In this configuration:

cons = (res, x, p) -> res = predict_neuralode(x)[:,2]

adtype = Optimization.AutoForwardDiff()
optf = Optimization.OptimizationFunction((x, p) -> loss_neuralode(x), adtype; cons = cons)
optprob = Optimization.OptimizationProblem(optf, p_init, lcons = [-Inf], ucons = [DX_cap])
result_neuralode = Optimization.solve(optprob,opt_c,callback = cb ,maxiters = 100)

The error is:

ERROR: MethodError: no method matching Optim.BarrierLineSearchGrad(::Vector{Float32}, ::Matrix{Float32}, ::Optim.BarrierStateVars{Float64}, ::Optim.BarrierStateVars{Float64})

So I decided to convert the NN prediction into Float32

function predict_neuralode(p)
    prediction = Float32.(Array(prob_neuralode(x0,p,st)[1])')
    return prediction
end

function loss_neuralode(p)
    ỹ = predict_neuralode(p)
    loss = Flux.mse(ϕ,ỹ) 
    return loss, ỹ
end

In this case the error became:

ERROR: Cannot determine ordering of Dual tags Nothing and ForwardDiff.Tag{Optimization.var"#89#106"{OptimizationFunction{true, Optimization.AutoForwardDiff{nothing}, var"#31#32", Nothing, Nothing, Nothing, var"#29#30", Nothing, Nothing, Nothing, Nothing, Nothing, Nothing, Nothing, Nothing, Nothing, typeof(SciMLBase.DEFAULT_OBSERVED_NO_TIME), Nothing, Nothing, Nothing, Nothing, Nothing, Nothing, Nothing}, SciMLBase.NullParameters}, Float32} 

The used libraries:

using CSV,DataFrames,DifferentialEquations,Plots,Flux,DiffEqFlux,JLD,Random,Lux,Optimization,OptimizationOptimJL,ForwardDiff
using Flux: throttle
using Statistics
using IterTools: ncycle
using DiffEqFlux: group_ranges

Any suggestions?

Your code isn’t runnable.
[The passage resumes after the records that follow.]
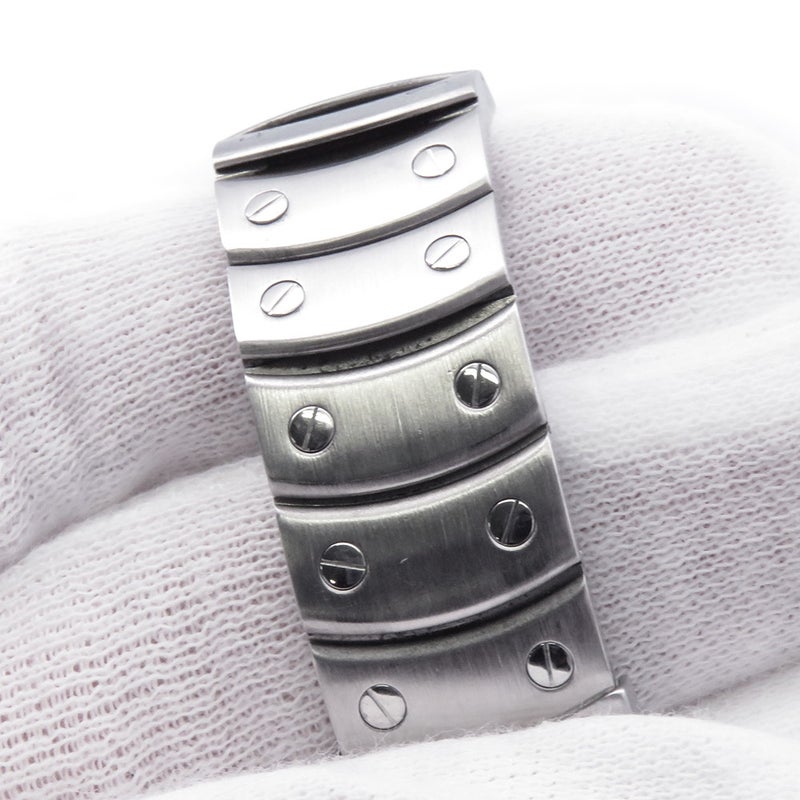 カルティエ サントスクーガー MM W20027K1 Cartier 腕時計 白文字盤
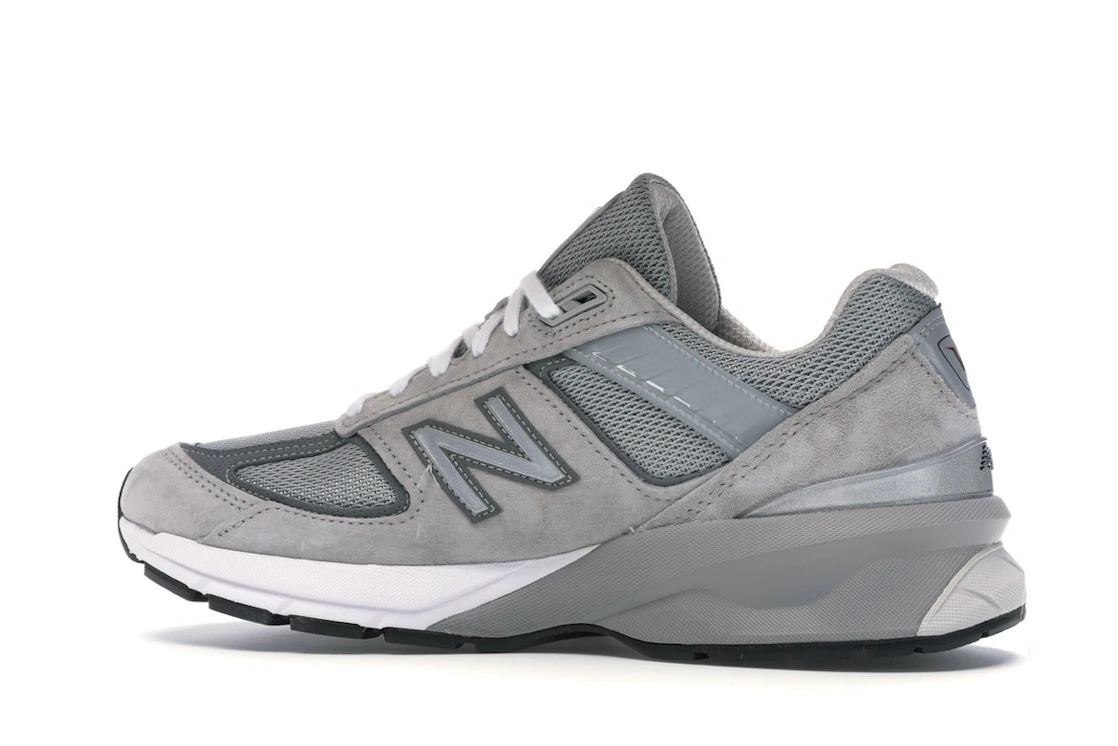 Vue 21 de New Balance 990v5 Grey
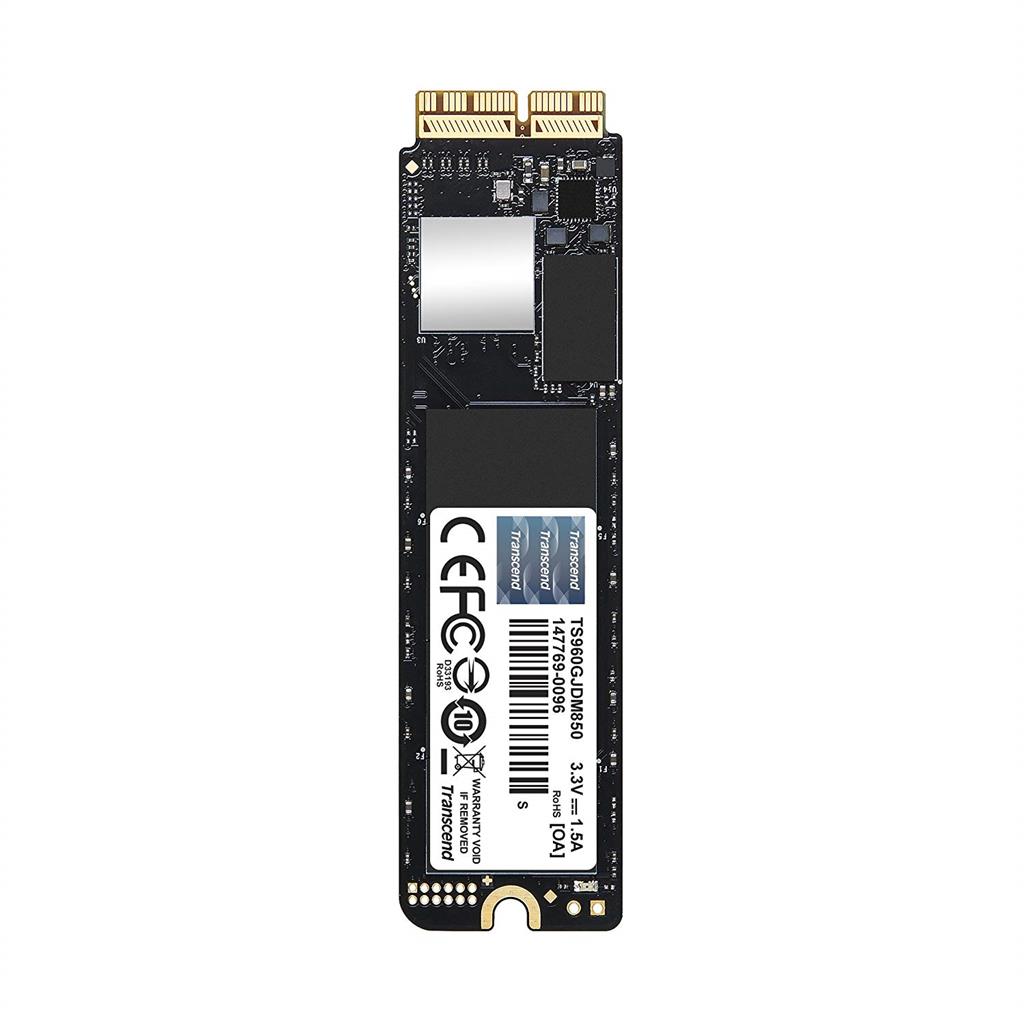 Transcend JetDrive 850 for Apple 960GB, PCIe SSD for Mac M13-M15 SSD disks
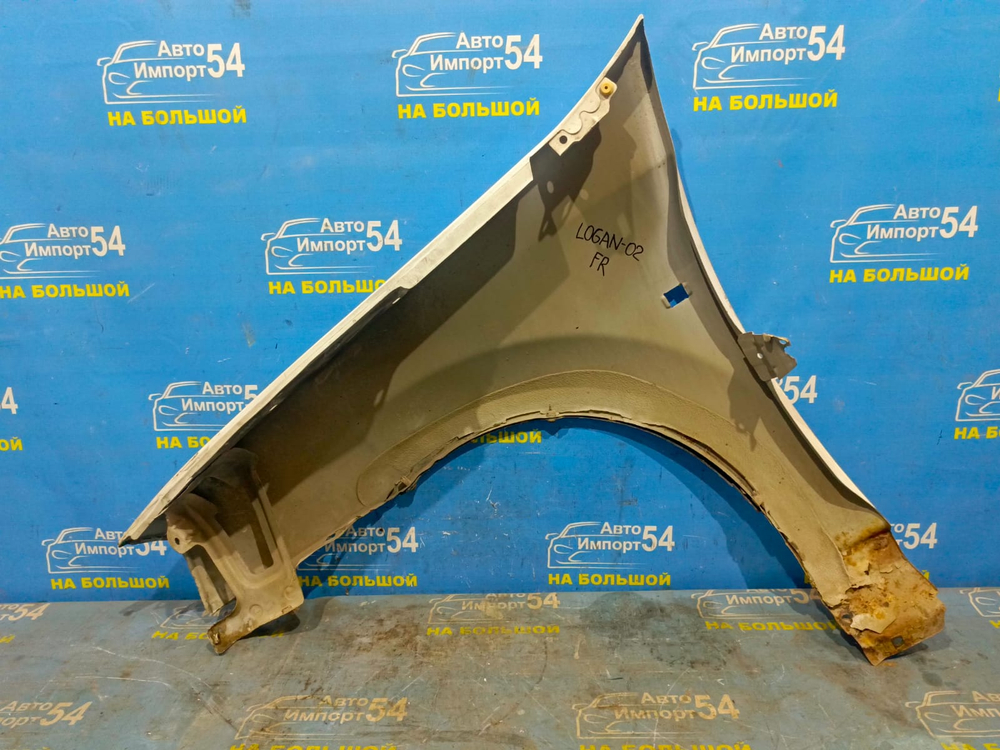 Крыло переднее правое RENAULT LOGAN 2011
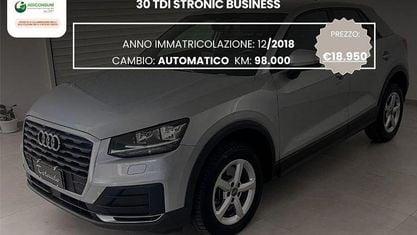 Usata Audi Q2 Business 116 CV (85 kW) 2018 Grigio SUV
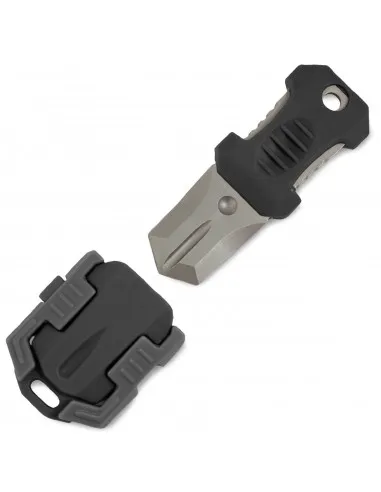 Kombat Couteau Compact Tactique MOLLE · Negro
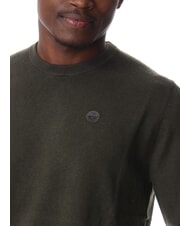 NORTH SAILS N|S Pullover mit Rundhalsausschnitt Waldgr&uuml;n - Herrenpullover - 2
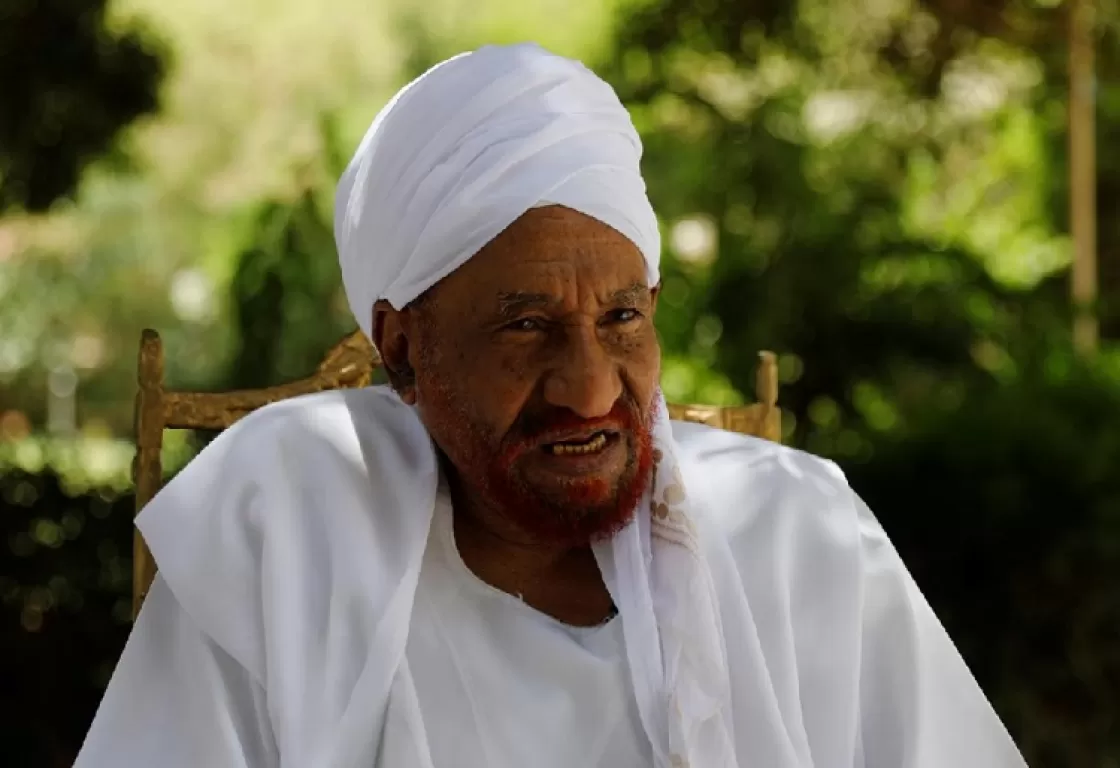 الجيش السوداني رهينة بيد الإخوان... الصديق المهدي يُفجّر الحقيقة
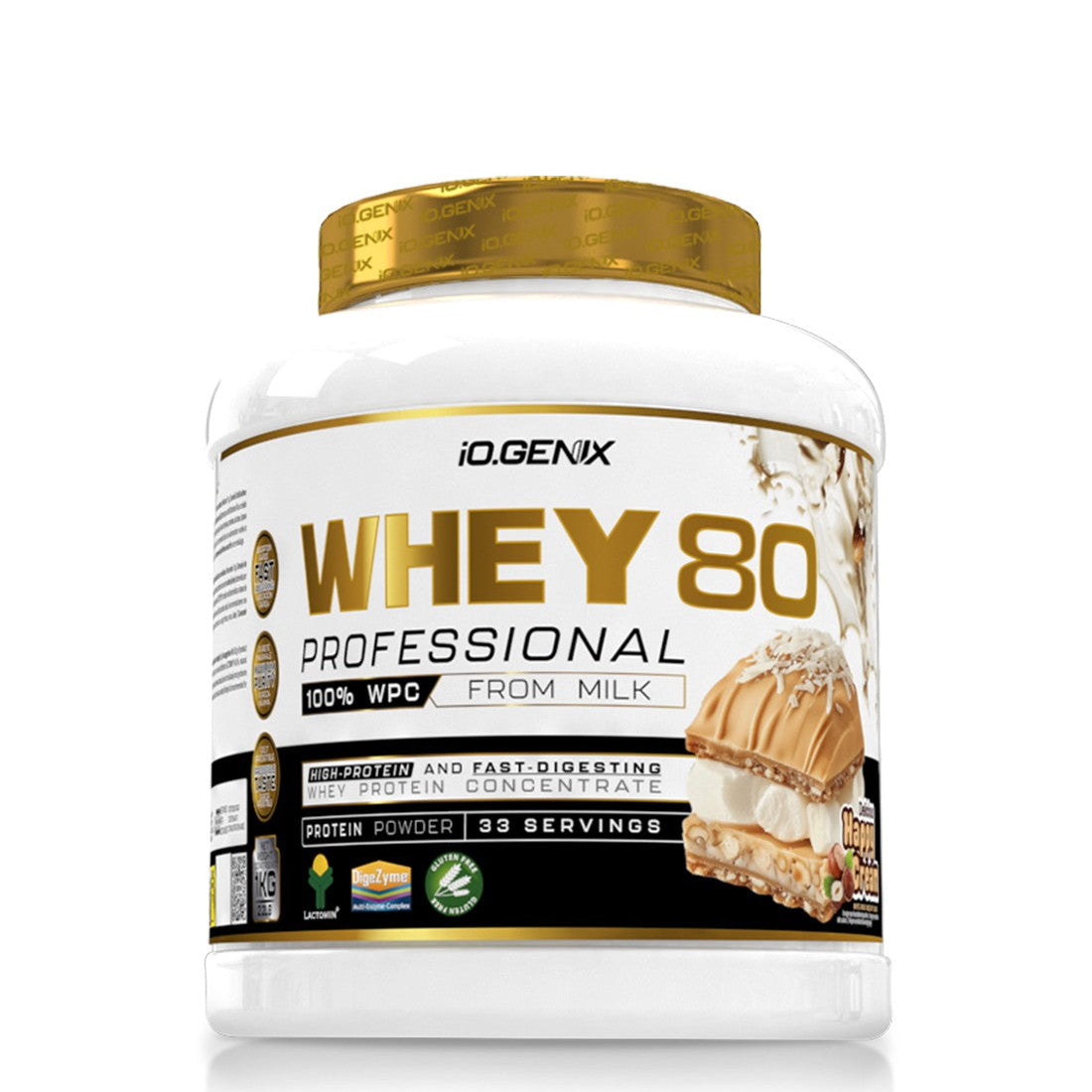 WHEY HAPPY CREAM IO.GENIX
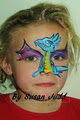 Sue Judd Face Painting image 2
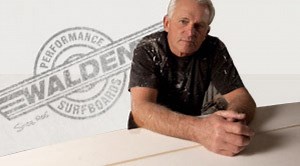 Pro surfer and longboard shaper Steve Walden is touring with GSI !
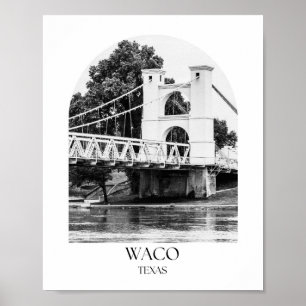 Poster Imprimer photo Waco Texas Arch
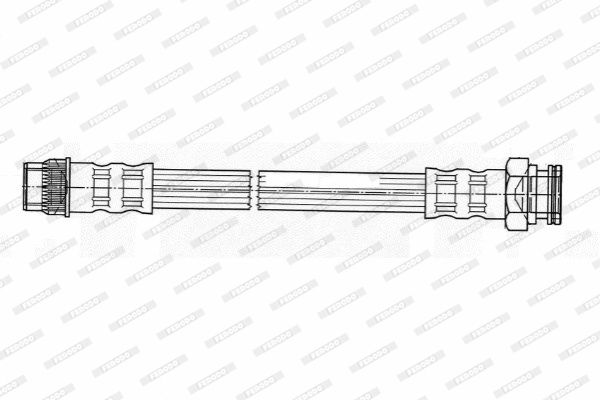 FERODO Jarruletku FHY2251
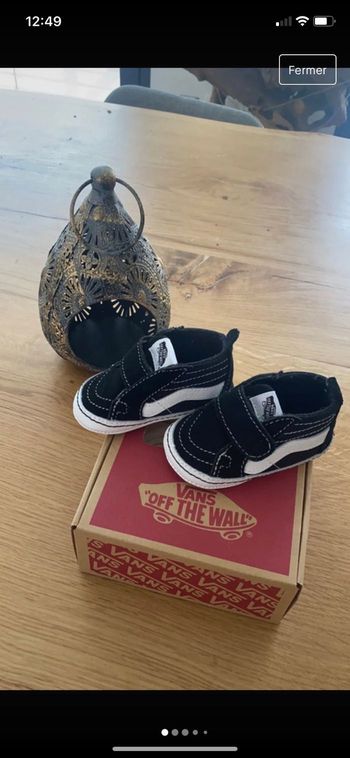 Vans bébé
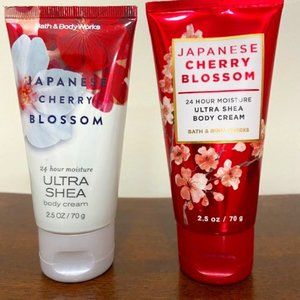 Bath & Body Works – Travel Set – Japanese Cherry Blossom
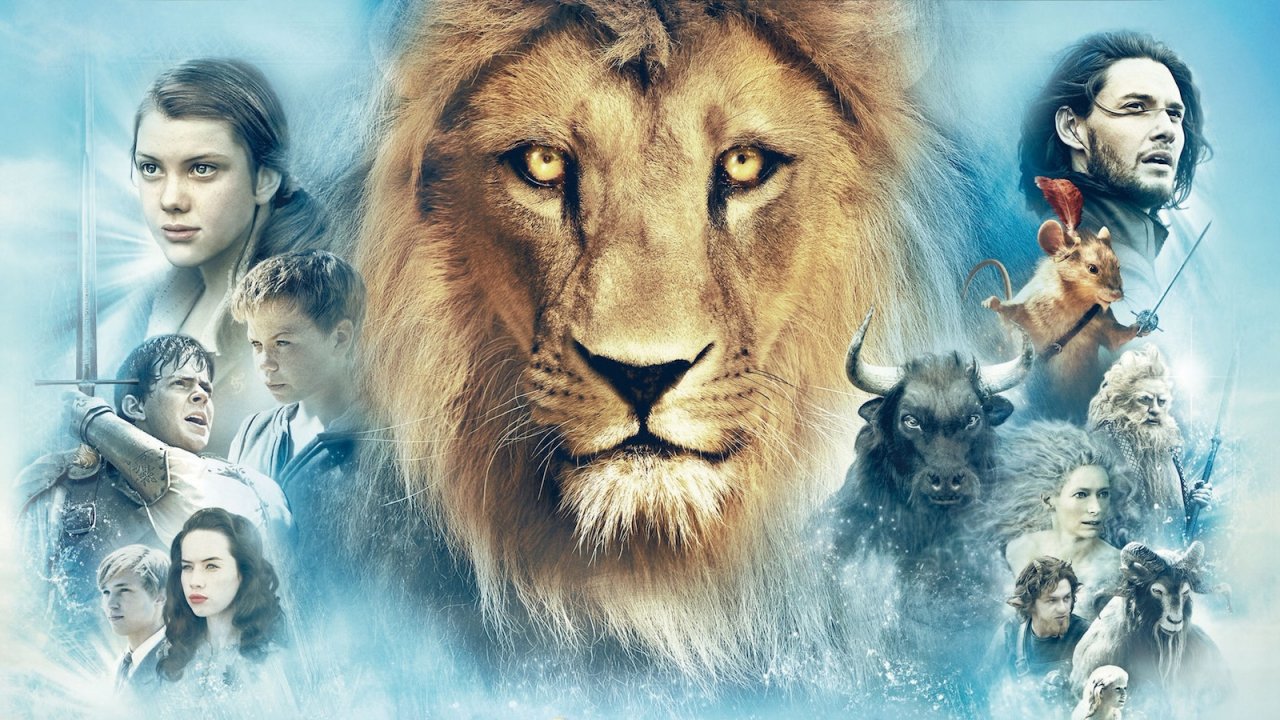 Narnia, banner promozionale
But did you try using IPOPT?

No, I’m trying to use Optimization.jl and the tutorial you shared.

Here a meaningless formulation of my code.

using CSV,DataFrames,DifferentialEquations,Plots,Flux,DiffEqFlux,JLD,Random,Lux,Optimization,OptimizationOptimJL,ForwardDiff
using Flux: throttle
using Statistics
using IterTools: ncycle
using DiffEqFlux: group_ranges
rng = MersenneTwister(1234)
#Costruzione Layer rappresentativo della dinamica
struct LawLayer{F1} <: Lux.AbstractExplicitLayer 
  force::Float64
  parameters::F1
end

function LawLayer(force::Float64; parameters  = Lux.glorot_uniform)
  return LawLayer{typeof(parameters)}(force,parameters) 
end

function Lux.initialparameters(rng::AbstractRNG, l::LawLayer)
  weight = l.parameters(rng,3,1)
  return (weight)
end

Lux.initialstates(::AbstractRNG, ::LawLayer) = NamedTuple()
Lux.parameterlength(::LawLayer) = 3

function (l::LawLayer)(u::AbstractArray, ps, st::NamedTuple)
    
    F = Float64(l.force)
    a, b, c = ps

    z1 = u[2] 
    z2 = F*a .- (b*u[1] + c*u[2])

    return [z1,z2], st
end


#Costruzione container per sequenza di Layer 
struct CustomLayer{L1,L2,L3,L4,L5,L6} <: Lux.AbstractExplicitContainerLayer{(:dense1, :dense2, :dynamic, :dense3, :dense4, :dense5)}
  dense1::L1
  dense2::L2
  dynamic::L3
  dense3::L4
  dense4::L5
  dense5::L6
end

function (CL::CustomLayer)(u::AbstractArray, ps, st::NamedTuple)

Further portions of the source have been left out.